_WHAT YOU HAVE TO DO_
The copy you return should hold every record below word for word and no images.

+++ DATA RECORDS

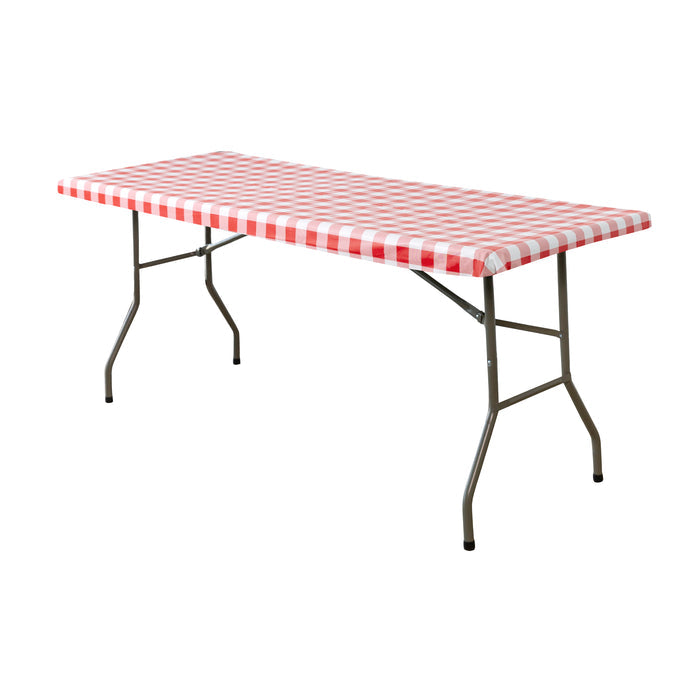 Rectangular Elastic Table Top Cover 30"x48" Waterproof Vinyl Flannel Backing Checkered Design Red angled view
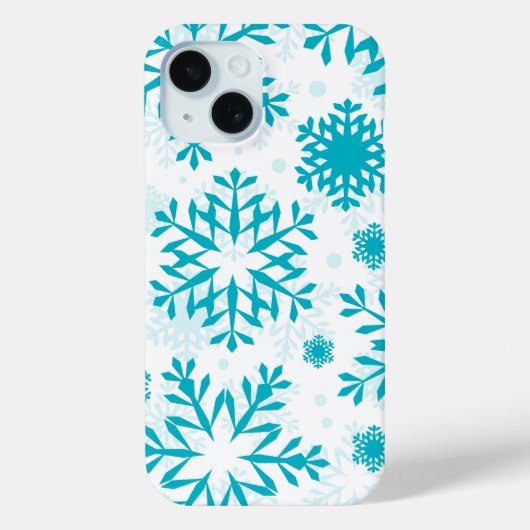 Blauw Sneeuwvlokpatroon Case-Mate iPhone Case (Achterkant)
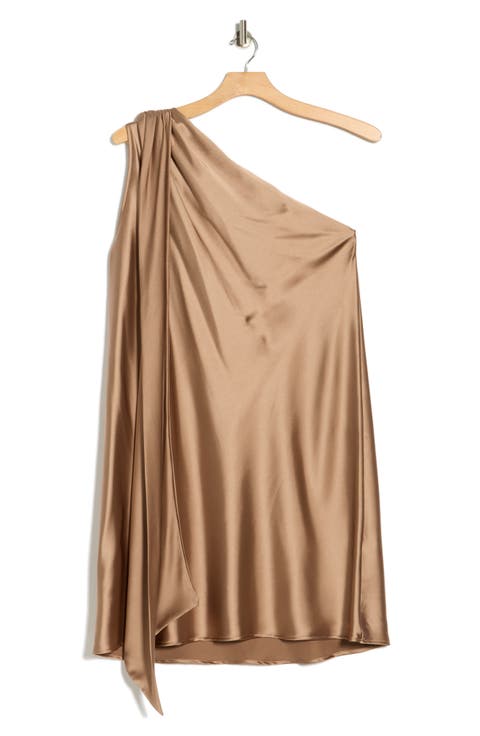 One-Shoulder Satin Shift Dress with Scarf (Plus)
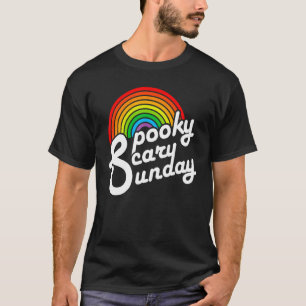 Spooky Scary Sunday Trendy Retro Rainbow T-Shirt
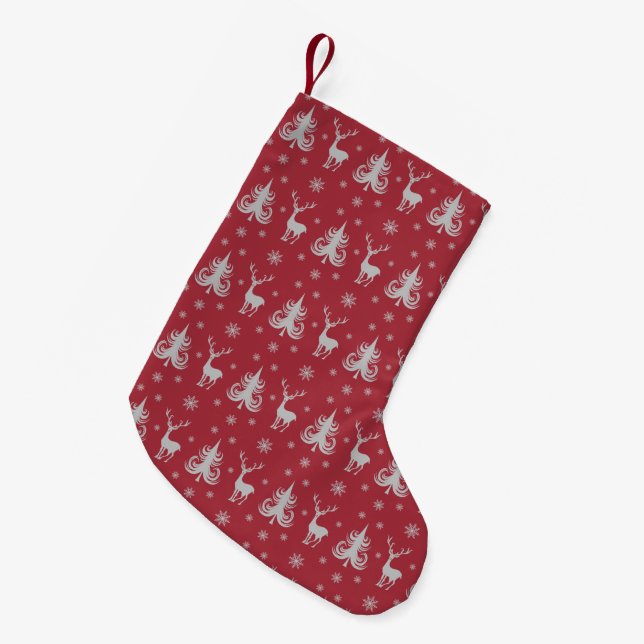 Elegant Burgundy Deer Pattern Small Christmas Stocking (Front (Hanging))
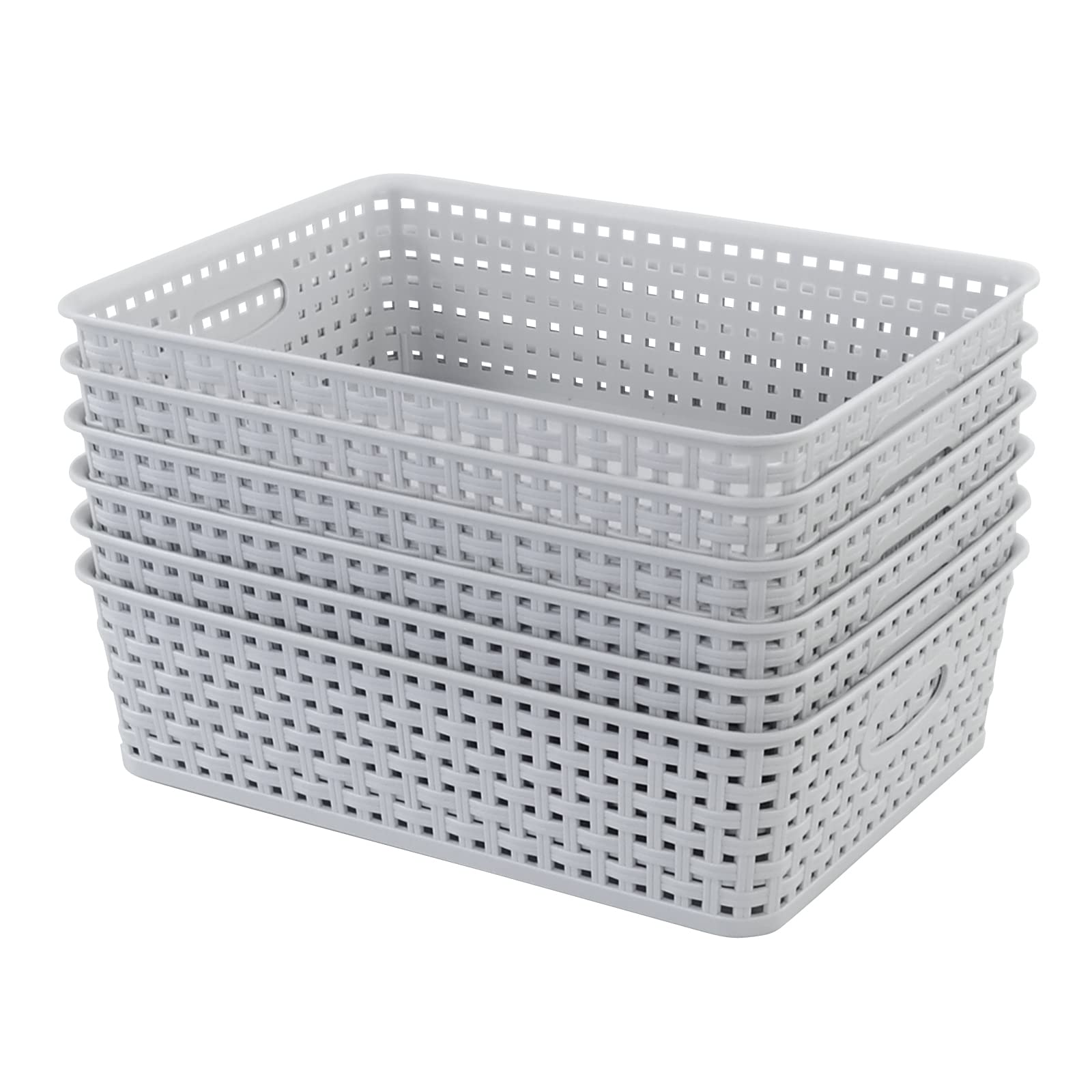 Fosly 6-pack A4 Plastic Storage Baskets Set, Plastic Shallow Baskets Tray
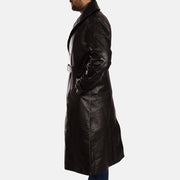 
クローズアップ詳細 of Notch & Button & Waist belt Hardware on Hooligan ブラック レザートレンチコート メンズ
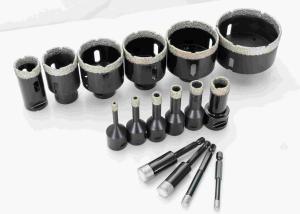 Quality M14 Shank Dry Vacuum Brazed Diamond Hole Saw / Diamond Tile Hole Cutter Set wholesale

++++++

_EXERCISE OUTPUT_
 Rectangular Elastic Table Top Cover 30"x48" Waterproof Vinyl Flannel Backing Checkered Design Red angled view
 Blauw Sneeuwvlokpatroon Case-Mate iPhone Case (Achterkant)
 One-Shoulder Satin Shift Dress with Scarf (Plus)
 Spooky Scary Sunday Trendy Retro Rainbow T-Shirt
 Elegant Burgundy Deer Pattern Small Christmas Stocking (Front (Hanging))
 Fosly 6-pack A4 Plastic Storage Baskets Set, Plastic Shallow Baskets Tray
クローズアップ詳細 of Notch & Button & Waist belt Hardware on Hooligan ブラック レザートレンチコート メンズ
 Quality M14 Shank Dry Vacuum Brazed Diamond Hole Saw / Diamond Tile Hole Cutter Set wholesale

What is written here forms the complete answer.